• [WORK REQUIRED]: After locating "Balenciaga Cotton Printed Oversized T-Shirt", return its line and all lines that follow through the end of the listing below, exactly; leave out pictures.

#### EXTRACTED RECORDS ####

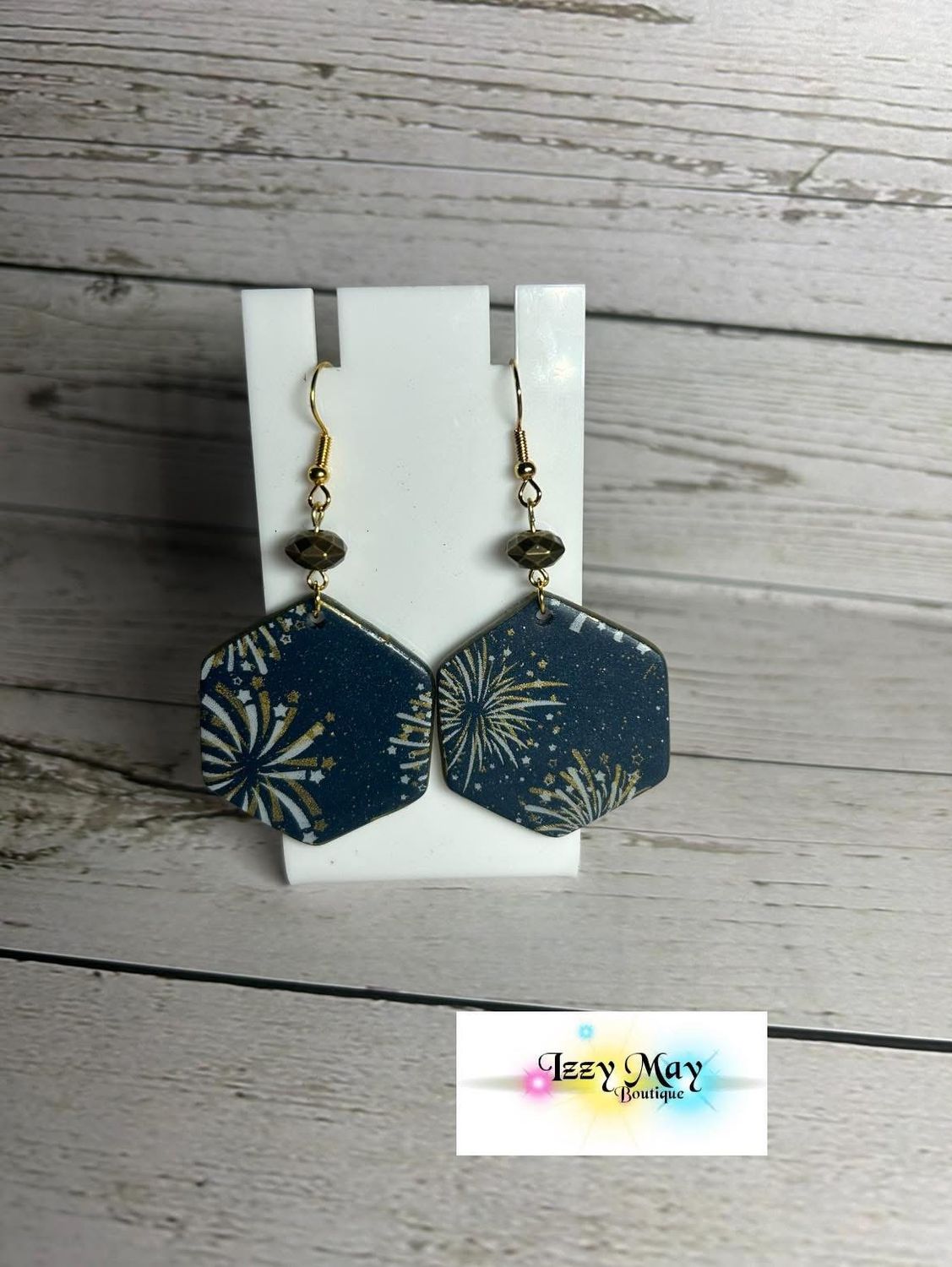 Geometric Hexagon Fireworks Earrings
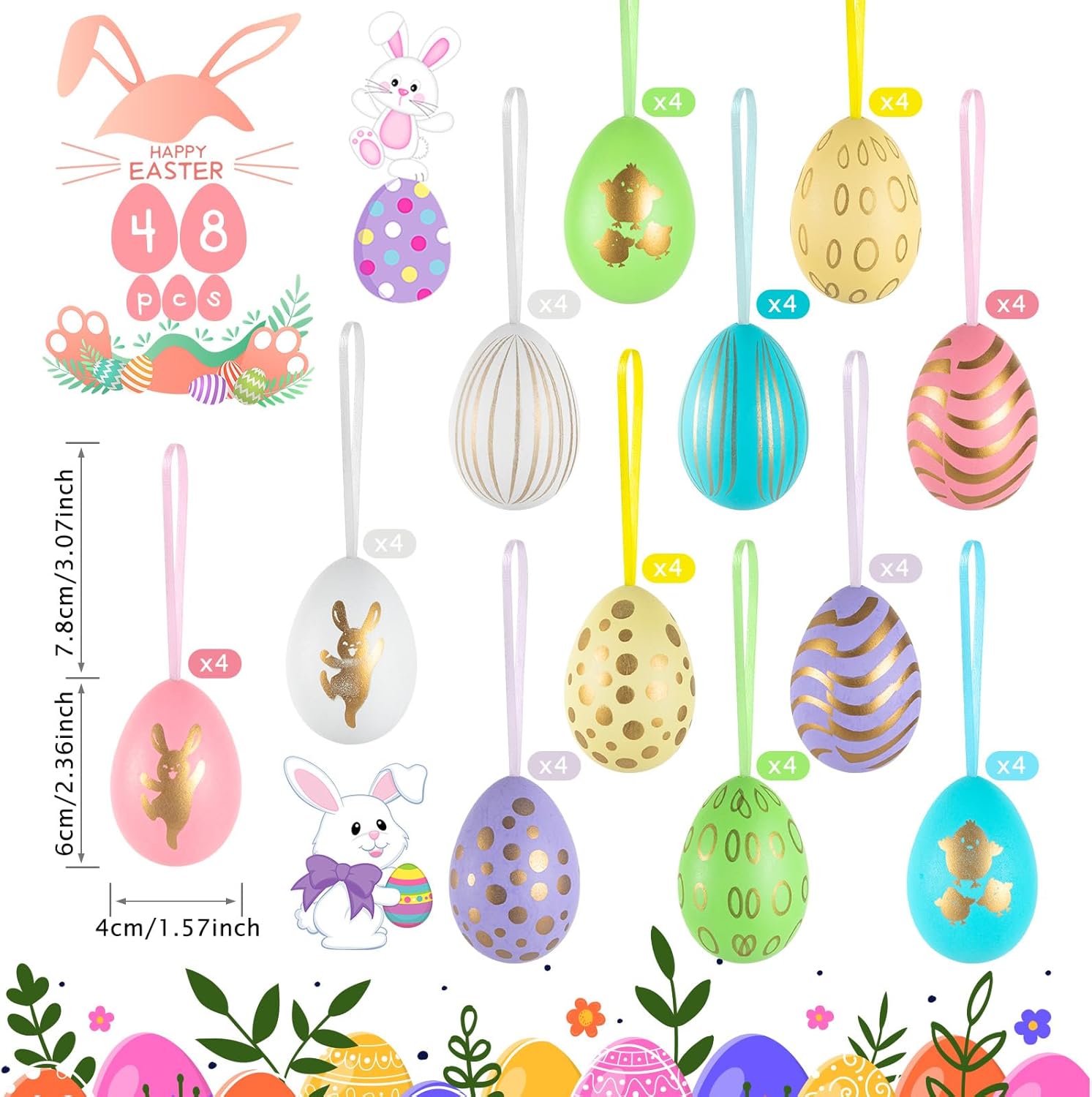 Thumbnail 1 de Kunststoff Ostereier zum Aufhängen 48er Set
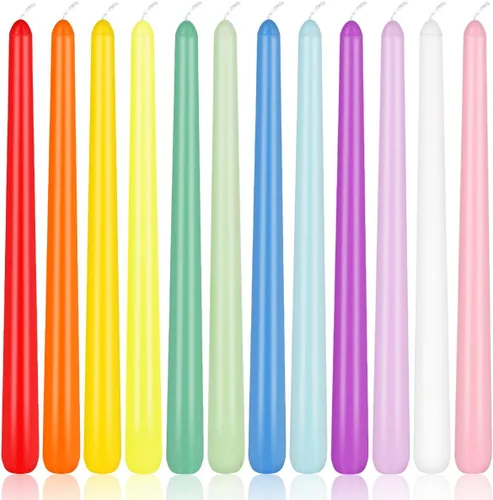 Velas cónicas de colores de 10 pulgadas para entornos religiosos y espirituales, paquete de 12 velas sin perfume para vacaciones, celebración de 12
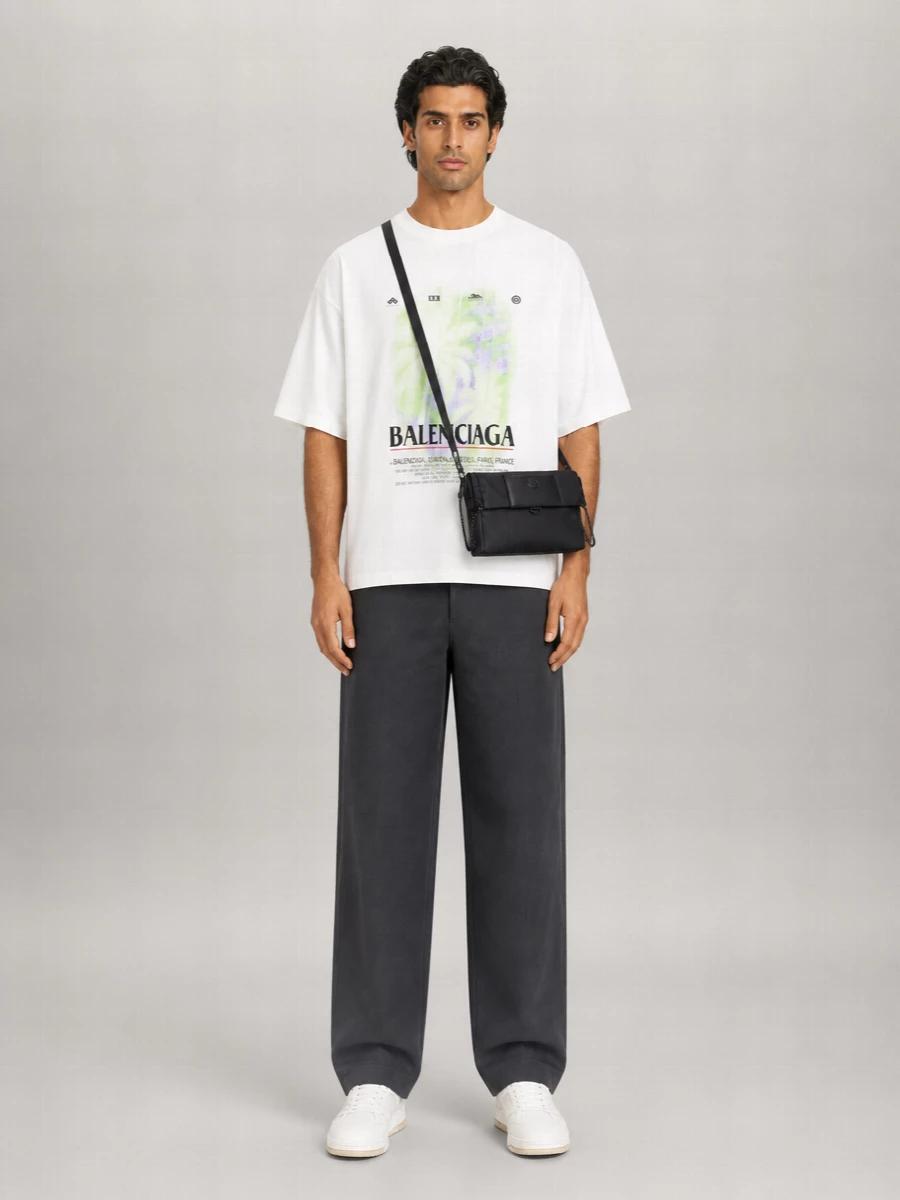 Balenciaga Cotton Printed Oversized T-Shirt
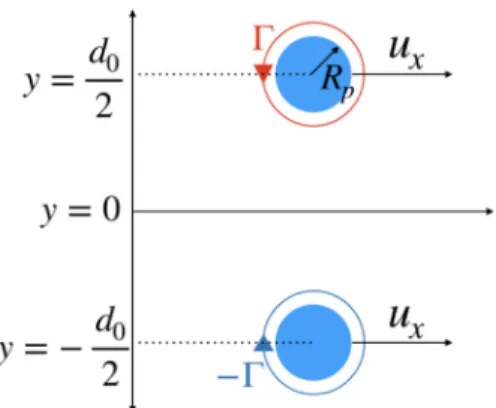 FIG. 2. Schematic diagram illustrates the initial configuration, wherein a vortex-antivortex pair loaded with particles is translating along the x axis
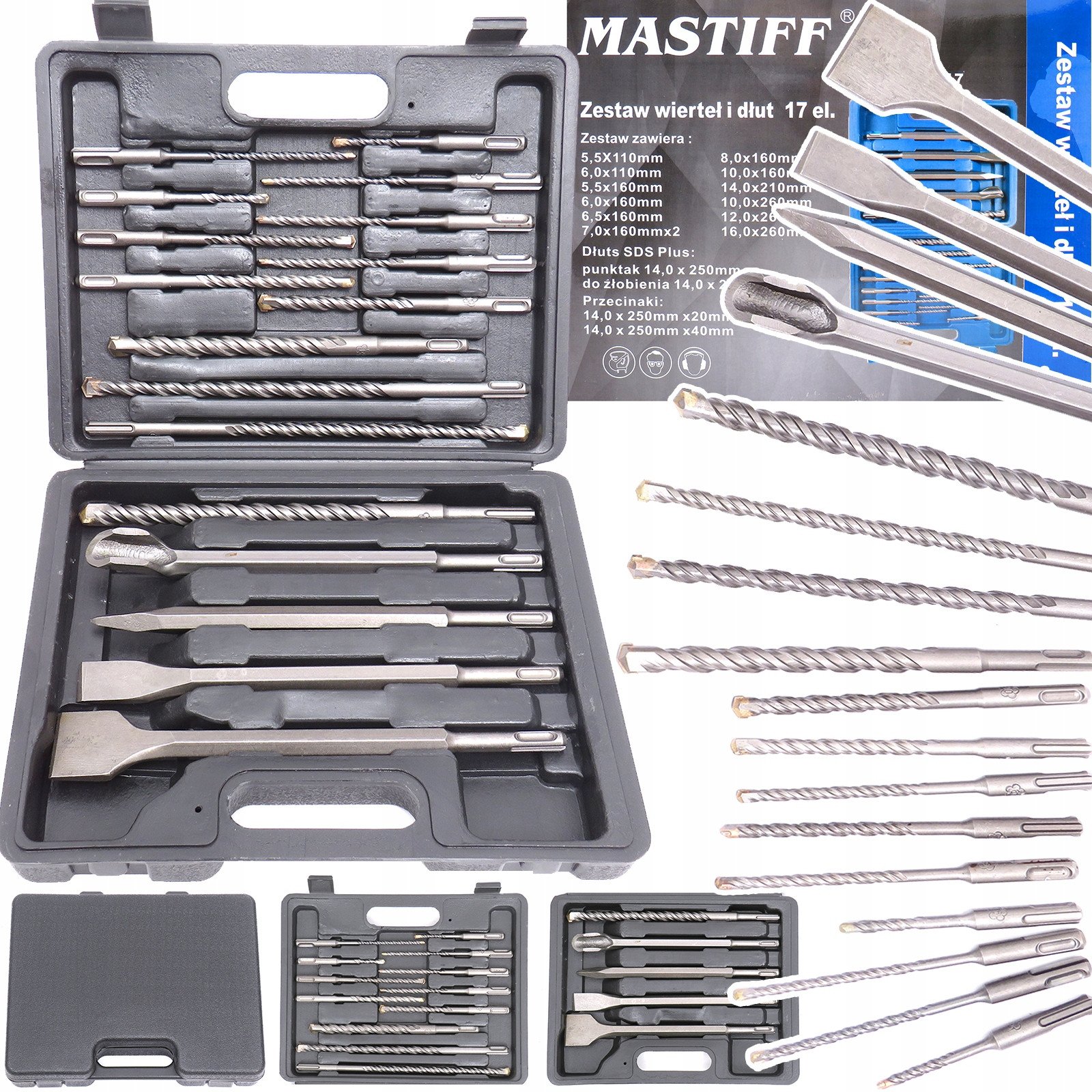 WIERTŁA I DŁUTA DO BETONU 17 EL SDS PLUS WIERTŁO ZESTAW WIERTEŁ I DŁUT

####

• [YOUR RESPONSE]:
 Balenciaga Cotton Printed Oversized T-Shirt
 FIG. 2. Schematic diagram illustrates the initial configuration, wherein a vortex-antivortex pair loaded with particles is translating along the x axis
 WIERTŁA I DŁUTA DO BETONU 17 EL SDS PLUS WIERTŁO ZESTAW WIERTEŁ I DŁUT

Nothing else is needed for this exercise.